Take the lines from the one containing "Lốc 4/Lốc 12" through the end of the material and write them out exactly, omitting pictures.

-------------------------

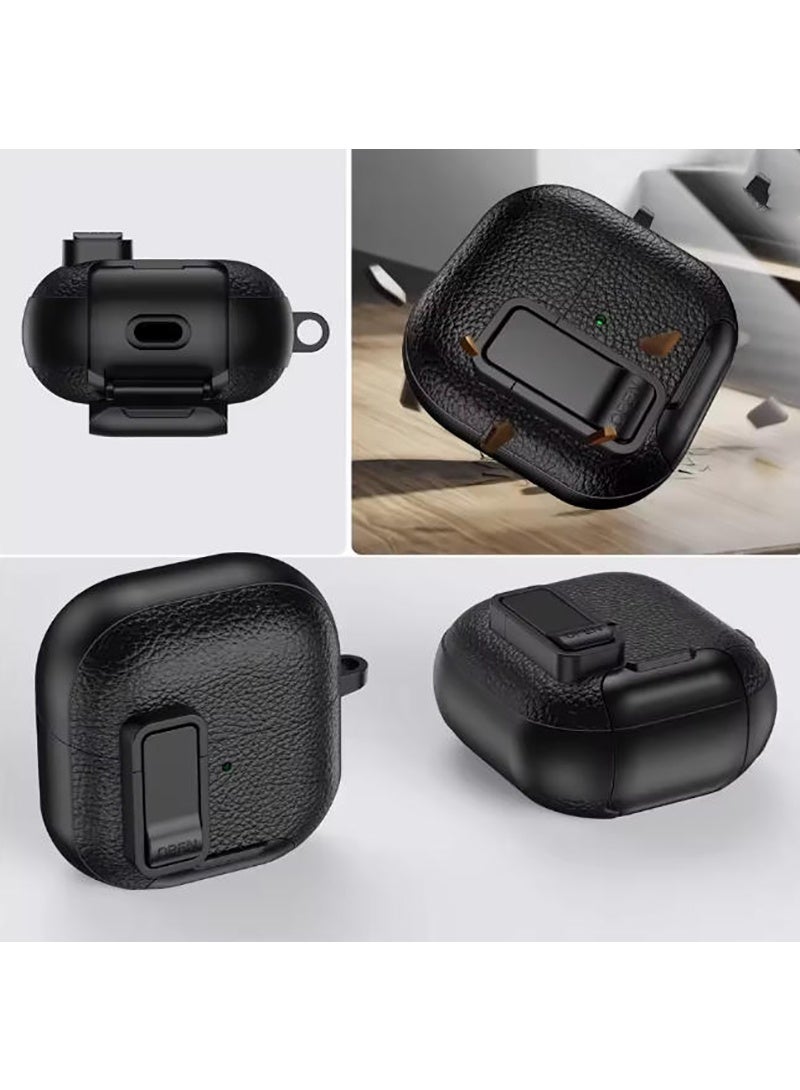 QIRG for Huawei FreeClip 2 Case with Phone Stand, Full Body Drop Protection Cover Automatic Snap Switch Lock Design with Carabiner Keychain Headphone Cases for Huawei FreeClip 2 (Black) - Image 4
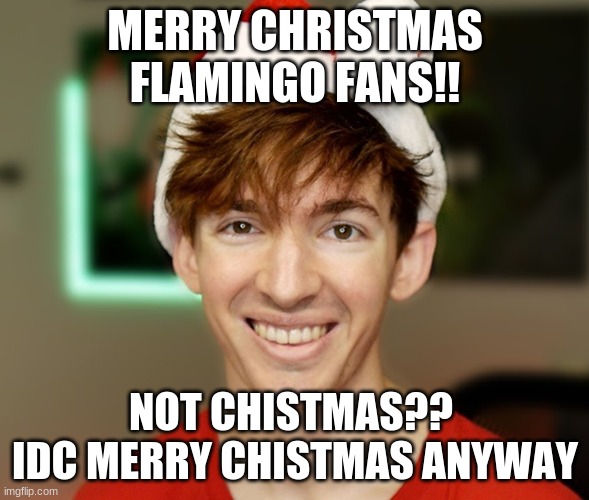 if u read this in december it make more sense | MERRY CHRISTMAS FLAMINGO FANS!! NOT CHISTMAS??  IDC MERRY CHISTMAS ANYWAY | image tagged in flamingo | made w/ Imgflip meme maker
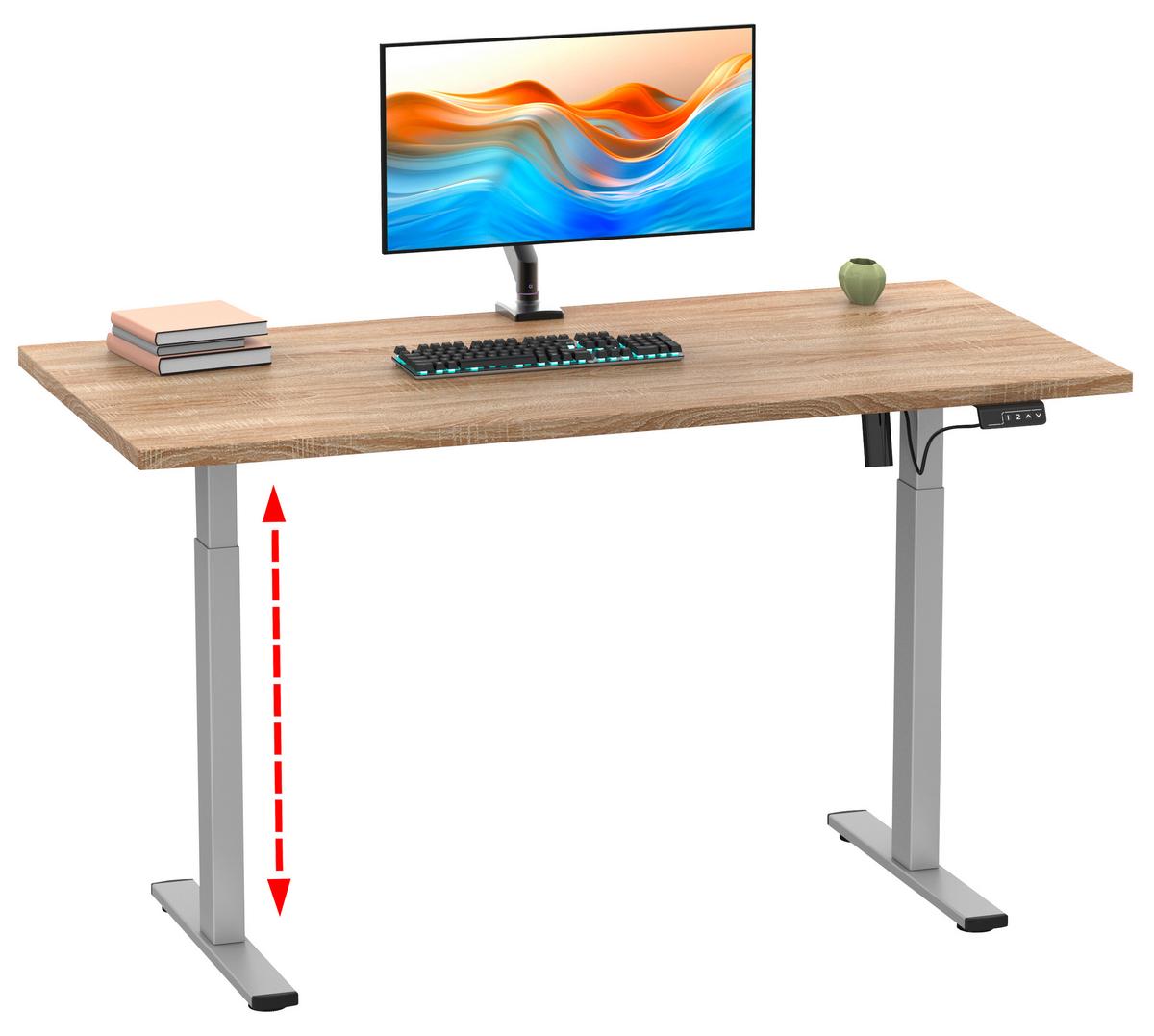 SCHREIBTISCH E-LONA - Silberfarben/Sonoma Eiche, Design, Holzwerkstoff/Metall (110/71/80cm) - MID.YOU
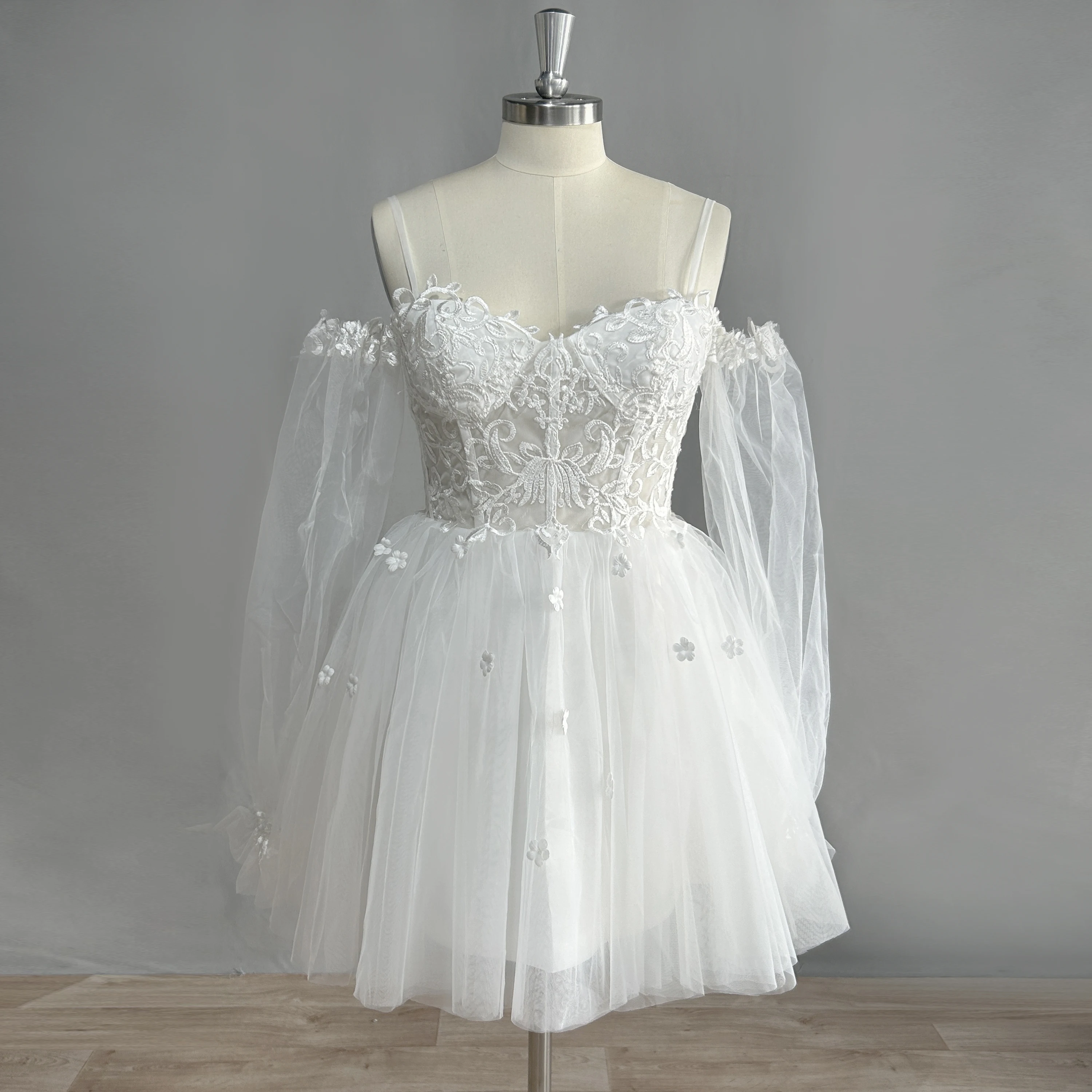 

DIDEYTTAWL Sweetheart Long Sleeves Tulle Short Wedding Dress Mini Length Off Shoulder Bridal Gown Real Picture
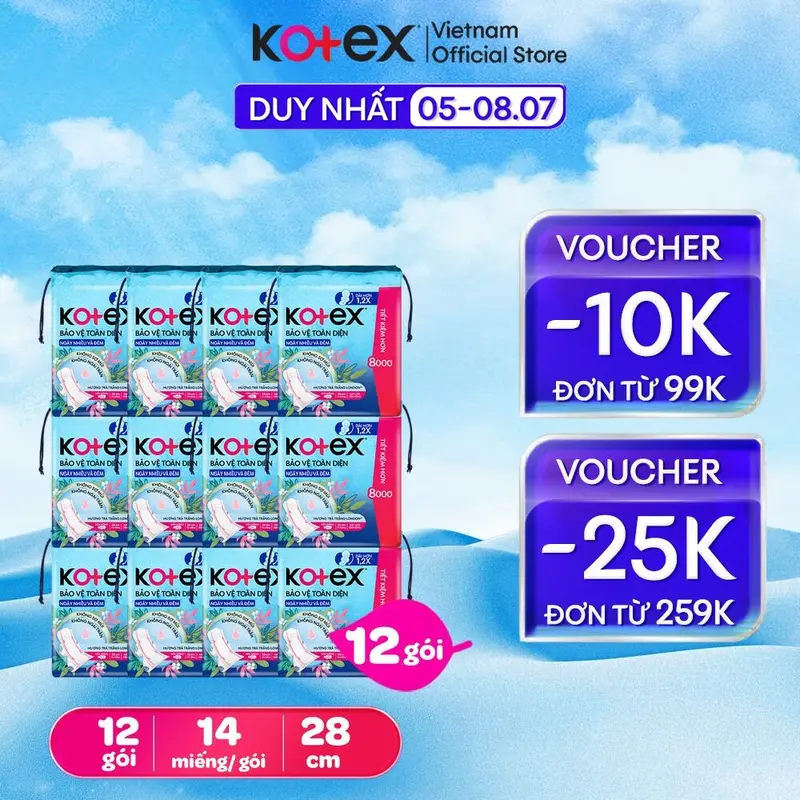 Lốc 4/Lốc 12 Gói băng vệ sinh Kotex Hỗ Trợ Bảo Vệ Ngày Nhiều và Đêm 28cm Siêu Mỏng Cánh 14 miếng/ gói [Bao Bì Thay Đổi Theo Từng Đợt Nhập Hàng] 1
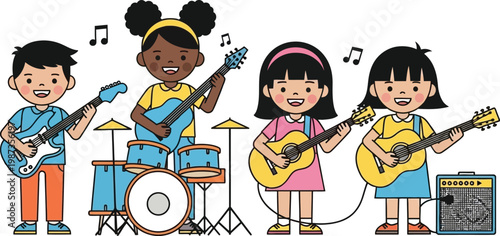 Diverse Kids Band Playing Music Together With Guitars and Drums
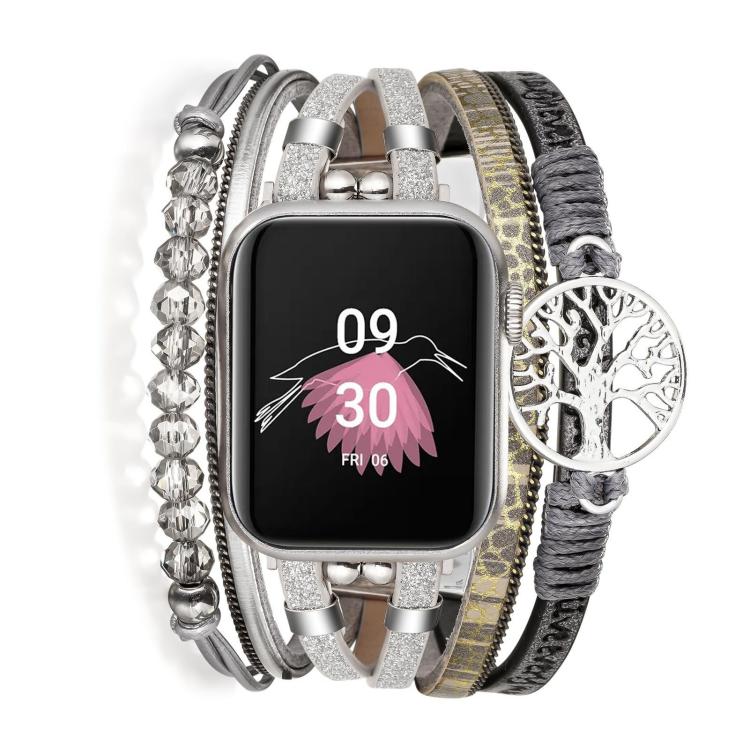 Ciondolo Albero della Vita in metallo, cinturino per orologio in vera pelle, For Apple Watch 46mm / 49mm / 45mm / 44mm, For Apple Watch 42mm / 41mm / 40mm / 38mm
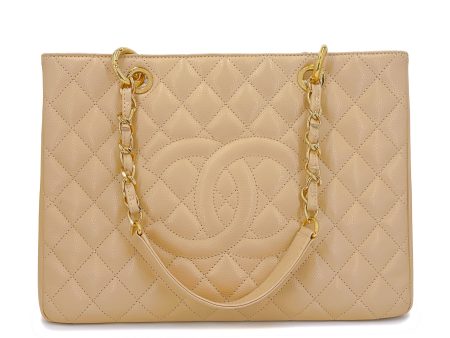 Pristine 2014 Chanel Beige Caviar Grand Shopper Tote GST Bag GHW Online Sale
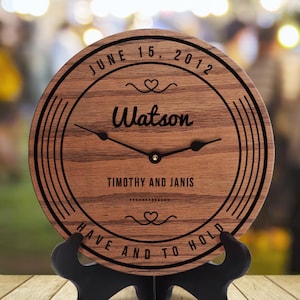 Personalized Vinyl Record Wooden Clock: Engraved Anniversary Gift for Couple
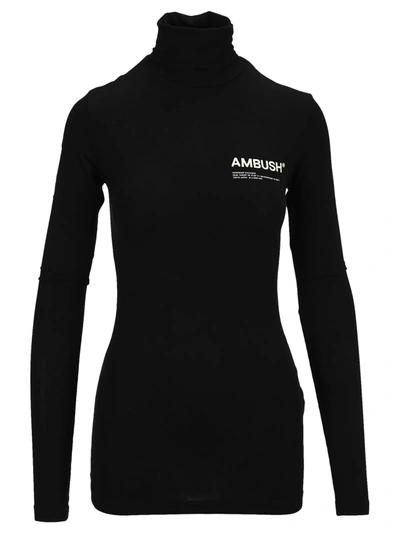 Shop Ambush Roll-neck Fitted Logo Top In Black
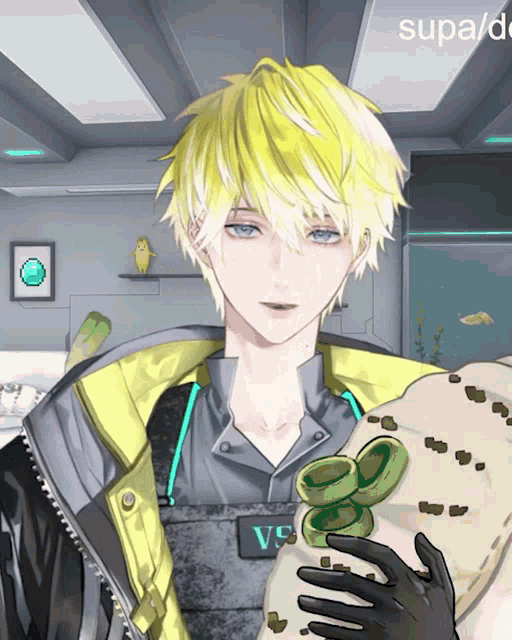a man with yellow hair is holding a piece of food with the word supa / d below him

-------------------------

EXERCISE ANSWER:
 Lốc 4/Lốc 12 Gói băng vệ sinh Kotex Hỗ Trợ Bảo Vệ Ngày Nhiều và Đêm 28cm Siêu Mỏng Cánh 14 miếng/ gói [Bao Bì Thay Đổi Theo Từng Đợt Nhập Hàng] 1
 Diverse Kids Band Playing Music Together With Guitars and Drums
 Ciondolo Albero della Vita in metallo, cinturino per orologio in vera pelle, For Apple Watch 46mm / 49mm / 45mm / 44mm, For Apple Watch 42mm / 41mm / 40mm / 38mm
 Pristine 2014 Chanel Beige Caviar Grand Shopper Tote GST Bag GHW Online Sale
 Personalized Vinyl Record Wooden Clock: Engraved Anniversary Gift for Couple
 Shop Ambush Roll-neck Fitted Logo Top In Black
a man with yellow hair is holding a piece of food with the word supa / d below him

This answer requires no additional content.